EXERCISE:
The answer must consist solely of the lines from the one with "this 640×480 image." through the last line of the data, copied exactly, with no pictures.

Source data
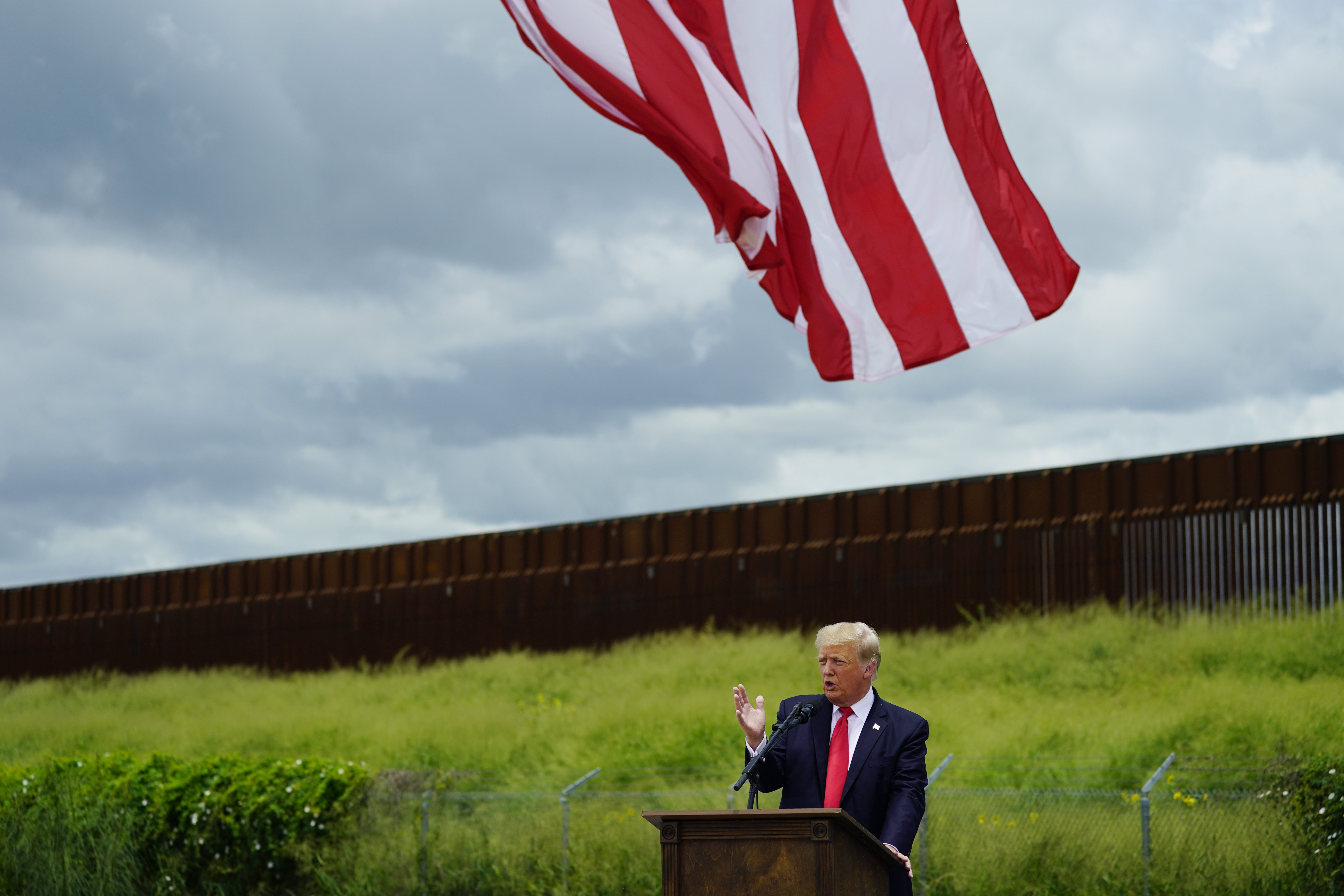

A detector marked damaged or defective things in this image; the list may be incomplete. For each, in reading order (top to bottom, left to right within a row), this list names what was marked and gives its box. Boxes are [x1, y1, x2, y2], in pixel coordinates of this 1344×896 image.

rusted border wall [2, 435, 1344, 680]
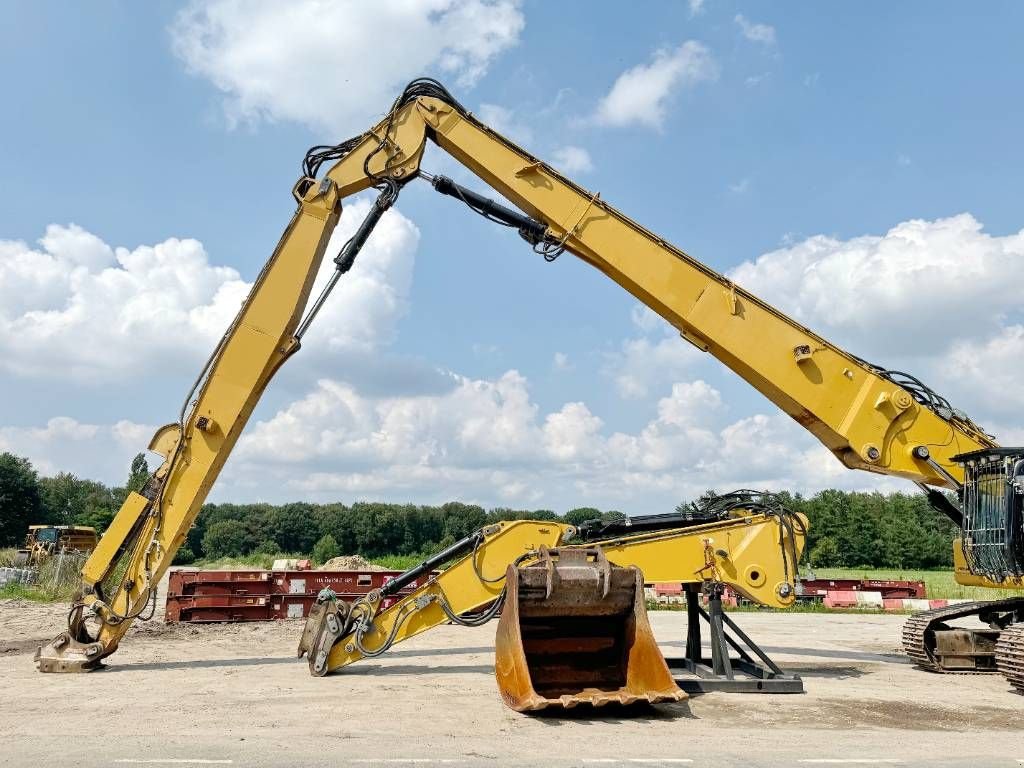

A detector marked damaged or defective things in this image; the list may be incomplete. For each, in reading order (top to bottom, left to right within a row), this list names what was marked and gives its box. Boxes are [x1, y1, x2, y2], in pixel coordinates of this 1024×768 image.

rusty bucket [491, 548, 684, 716]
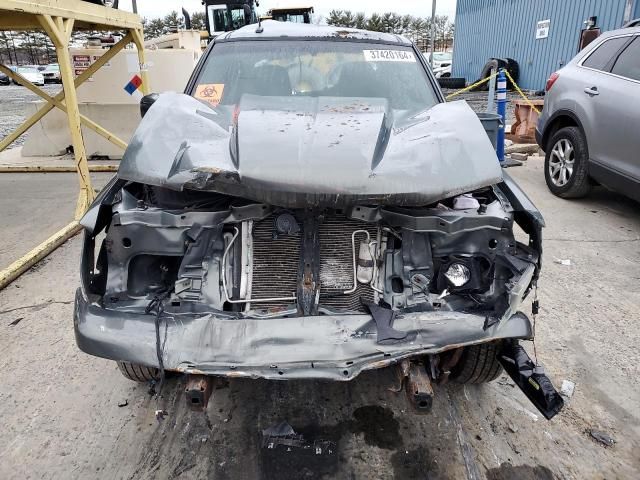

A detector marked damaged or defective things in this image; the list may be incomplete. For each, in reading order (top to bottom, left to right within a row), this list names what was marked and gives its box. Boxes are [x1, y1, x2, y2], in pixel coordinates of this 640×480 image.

torn sheet metal [117, 92, 502, 208]
damaged gray pickup truck [75, 22, 564, 418]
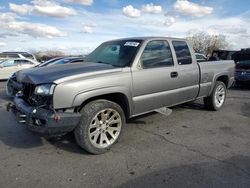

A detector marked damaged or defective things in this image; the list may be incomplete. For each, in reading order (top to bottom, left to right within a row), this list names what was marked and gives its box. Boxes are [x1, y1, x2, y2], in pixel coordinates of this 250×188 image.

damaged hood [16, 61, 121, 84]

REPLY TO THE EXERCISE:
A detector marked damaged or defective things in this image; the list may be incomplete. For each, in reading order (top to bottom, left to right within a row), this list names what was marked and gives its box. Boxes are [x1, y1, x2, y2], in pixel coordinates of this 640×480 image.

torn sheet metal [117, 92, 502, 208]
damaged gray pickup truck [75, 22, 564, 418]

A detector marked damaged or defective things in this image; the list may be incomplete. For each, in reading order (top to bottom, left to right within a row), this list names what was marked and gives its box. Boxes are [x1, y1, x2, y2], in pixel coordinates of this 250×188 image.

damaged hood [16, 61, 121, 84]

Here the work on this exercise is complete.